Are raised shoulders considered sidewalks? A simple question with, apparently, a simple answer. No. Naturally, this answer begs a follow-up question. Should raised shoulders be considered sidewalks?
What is a raised shoulder?
For the purposes of this post, a raised shoulder is a hard paved surface located behind a mountable curb. Often made of asphalt or hard compacted gravel, they typically occupy the same space a sidewalk would. Examples of roads with raised shoulders in the St. Louis area include:
- Lindergh Blvd between Manchester Rd and Schuetz Rd
- Olive Blvd in Olivette
- Forest Park Pkwy between Skinker Blvd and De Baliviere Ave
Are raised shoulders considered sidewalks?

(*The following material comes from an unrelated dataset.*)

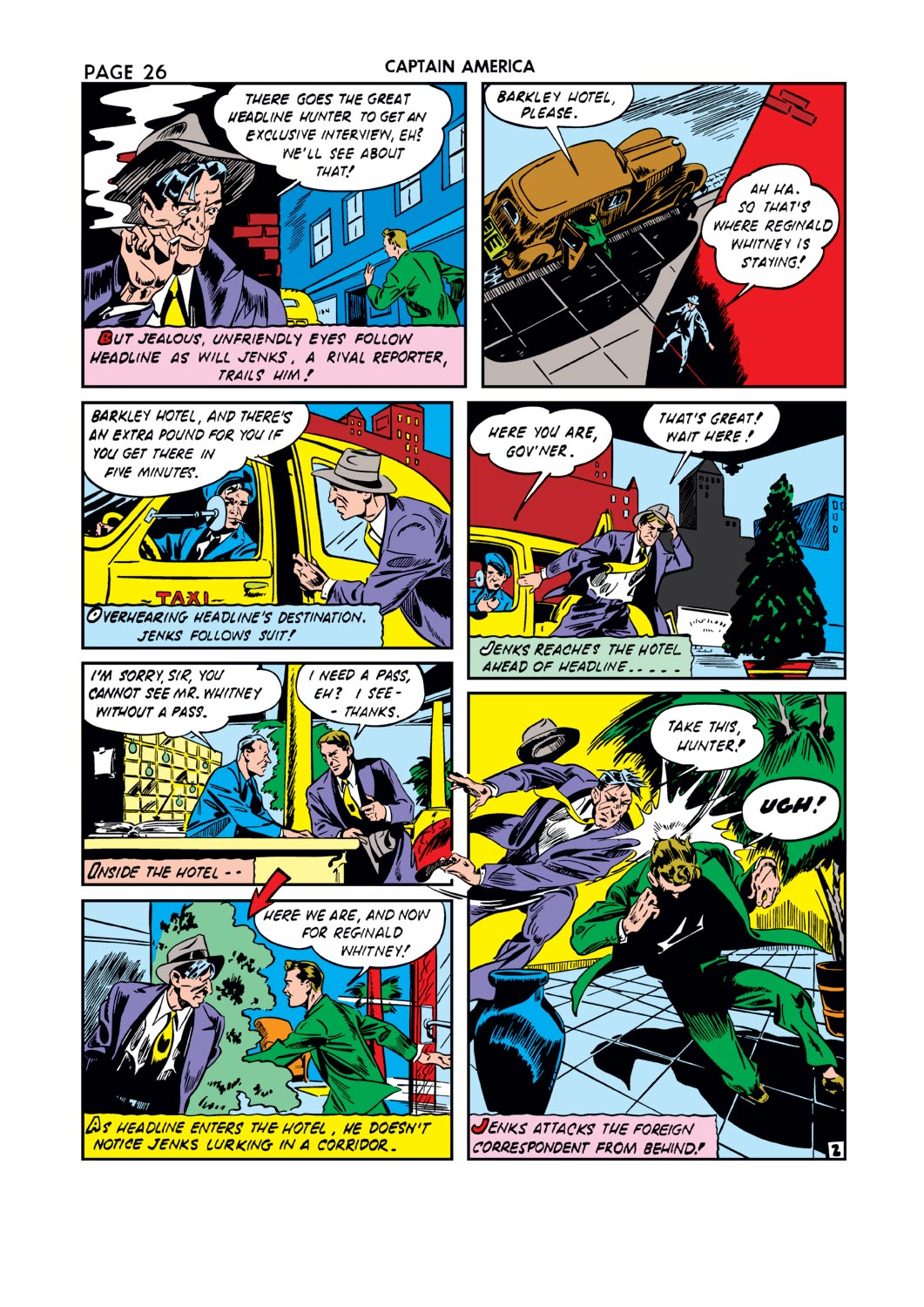 Captain America Comics 10 Page 26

I asked Todd Waeltermann of the City of St. Louis Street Department if the raised shoulder on Forest Park Pkwy at Des Peres Ave is considered a sidewalk. He said “no.” MoDOT, is seems, would agree as their Engineering Policy Guide §642.1.2 Sidewalk Design Criteria states that raised shoulders are not to be considered sidewalks.
Sidewalks are not to be designated on paved shoulders located behind a mountable curb.
Should a raised shoulder be considered a sidewalk?
To answer this question, I’ll first refer to MoDOT’s Engineering Policy Guide §231.4 Shoulder Width:
On urban roadways, the shoulder is located inside a curb. Surfaced areas behind curbs located on urban roadways may be perceived as a sidewalk and thus subject to ADA requirements. Therefore, a surfaced area is not to be provided behind a mountable curb.
Yes, raised shoulders should be considered sidewalks and the reason is perception. To a pedestrian, there is little to no distinction between a raised shoulder and a sidewalk. MoDOT’s Engineering Policy Guide says as much. The only notable difference between a sidewalk and a raised shoulder is the presence of a mountable curb. The surface material of a raised shoulder is no different than that of many sidewalks and sidewalks are frequently built adjacent to the roadway.
Lastly, a curious bit is MoDOT’s reasoning for not wanting to construct raised shoulders: it’s not for safety reasons, but to avoid ADA requirements.
Within the urban and suburban areas of Greater St. Louis, raised shoulders should be considered sidewalks and be outfitted with ADA accessible curb ramps. If people perceive a path as a sidewalk, it should be recognized as a sidewalk.
Acknowledging the issue of perception, MoDOT has been slowly adding curb ramps to many roads with raised shoulders or converting them into true sidewalks (albeit poorly). Various stretches of both Lindbergh Blvd and Olive Blvd have been outfitted with curb ramps or real sidewalks. Hopefully, the city will also recognize the issue of perception.